Supplied material Block Start

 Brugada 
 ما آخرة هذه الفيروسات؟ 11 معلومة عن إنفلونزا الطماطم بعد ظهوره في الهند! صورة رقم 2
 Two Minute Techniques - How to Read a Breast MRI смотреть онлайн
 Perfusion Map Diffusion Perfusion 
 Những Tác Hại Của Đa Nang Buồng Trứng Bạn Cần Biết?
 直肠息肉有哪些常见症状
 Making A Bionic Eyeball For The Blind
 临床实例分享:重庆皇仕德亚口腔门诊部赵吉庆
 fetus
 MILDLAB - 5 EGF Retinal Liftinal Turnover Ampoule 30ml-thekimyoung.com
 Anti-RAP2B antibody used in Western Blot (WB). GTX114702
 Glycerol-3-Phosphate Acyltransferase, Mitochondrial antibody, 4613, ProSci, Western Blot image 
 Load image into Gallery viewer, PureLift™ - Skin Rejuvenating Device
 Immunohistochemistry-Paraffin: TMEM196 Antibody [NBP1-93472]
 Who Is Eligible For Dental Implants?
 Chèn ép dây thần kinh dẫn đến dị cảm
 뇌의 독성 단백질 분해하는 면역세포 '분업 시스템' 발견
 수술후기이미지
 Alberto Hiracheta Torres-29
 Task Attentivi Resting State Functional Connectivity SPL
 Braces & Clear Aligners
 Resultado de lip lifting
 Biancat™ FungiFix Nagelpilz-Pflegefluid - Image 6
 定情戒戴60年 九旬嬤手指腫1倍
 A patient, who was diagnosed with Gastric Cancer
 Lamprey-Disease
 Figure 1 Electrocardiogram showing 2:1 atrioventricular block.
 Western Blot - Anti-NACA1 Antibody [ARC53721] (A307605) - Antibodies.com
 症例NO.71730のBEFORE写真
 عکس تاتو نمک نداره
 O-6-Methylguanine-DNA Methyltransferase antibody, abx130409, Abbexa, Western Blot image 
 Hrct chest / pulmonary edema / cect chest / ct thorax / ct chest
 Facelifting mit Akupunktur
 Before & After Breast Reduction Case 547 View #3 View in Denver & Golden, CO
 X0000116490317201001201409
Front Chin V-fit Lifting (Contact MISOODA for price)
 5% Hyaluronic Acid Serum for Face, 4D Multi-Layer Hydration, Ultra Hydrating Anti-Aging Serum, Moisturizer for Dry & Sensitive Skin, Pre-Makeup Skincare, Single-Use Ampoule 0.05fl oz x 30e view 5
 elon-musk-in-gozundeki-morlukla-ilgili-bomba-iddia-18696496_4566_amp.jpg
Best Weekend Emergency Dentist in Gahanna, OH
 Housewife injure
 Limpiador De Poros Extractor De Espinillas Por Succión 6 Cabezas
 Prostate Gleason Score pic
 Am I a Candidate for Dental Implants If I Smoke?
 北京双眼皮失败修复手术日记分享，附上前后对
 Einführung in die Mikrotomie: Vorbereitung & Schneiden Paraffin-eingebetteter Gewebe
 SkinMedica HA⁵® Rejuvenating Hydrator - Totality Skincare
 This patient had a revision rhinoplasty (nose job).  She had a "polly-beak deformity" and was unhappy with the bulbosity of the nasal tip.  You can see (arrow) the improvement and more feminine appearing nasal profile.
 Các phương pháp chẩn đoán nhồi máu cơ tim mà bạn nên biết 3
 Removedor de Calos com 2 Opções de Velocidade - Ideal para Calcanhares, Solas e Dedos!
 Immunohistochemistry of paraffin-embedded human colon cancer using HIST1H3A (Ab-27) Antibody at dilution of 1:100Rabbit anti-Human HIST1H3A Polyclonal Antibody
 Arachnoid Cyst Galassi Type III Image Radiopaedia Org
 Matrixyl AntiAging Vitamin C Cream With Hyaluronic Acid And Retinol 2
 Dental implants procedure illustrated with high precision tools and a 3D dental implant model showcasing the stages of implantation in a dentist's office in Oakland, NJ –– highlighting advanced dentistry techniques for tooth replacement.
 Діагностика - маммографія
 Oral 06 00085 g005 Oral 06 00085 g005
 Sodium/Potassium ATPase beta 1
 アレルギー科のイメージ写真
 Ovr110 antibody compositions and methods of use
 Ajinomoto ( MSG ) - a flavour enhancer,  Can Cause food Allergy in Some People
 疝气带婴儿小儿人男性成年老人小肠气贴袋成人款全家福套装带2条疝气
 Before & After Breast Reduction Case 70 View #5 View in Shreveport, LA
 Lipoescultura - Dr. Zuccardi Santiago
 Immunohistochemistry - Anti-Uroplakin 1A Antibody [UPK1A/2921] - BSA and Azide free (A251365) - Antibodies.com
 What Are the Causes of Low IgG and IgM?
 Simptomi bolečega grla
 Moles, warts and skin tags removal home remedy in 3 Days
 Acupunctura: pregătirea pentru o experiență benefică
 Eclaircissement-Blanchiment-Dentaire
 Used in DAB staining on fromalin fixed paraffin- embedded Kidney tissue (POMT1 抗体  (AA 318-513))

Supplied material Block End

**Work to complete**
Look back over the material above and state how many lines hold the word "Acid". Write the number and nothing else.

**Your solution**
2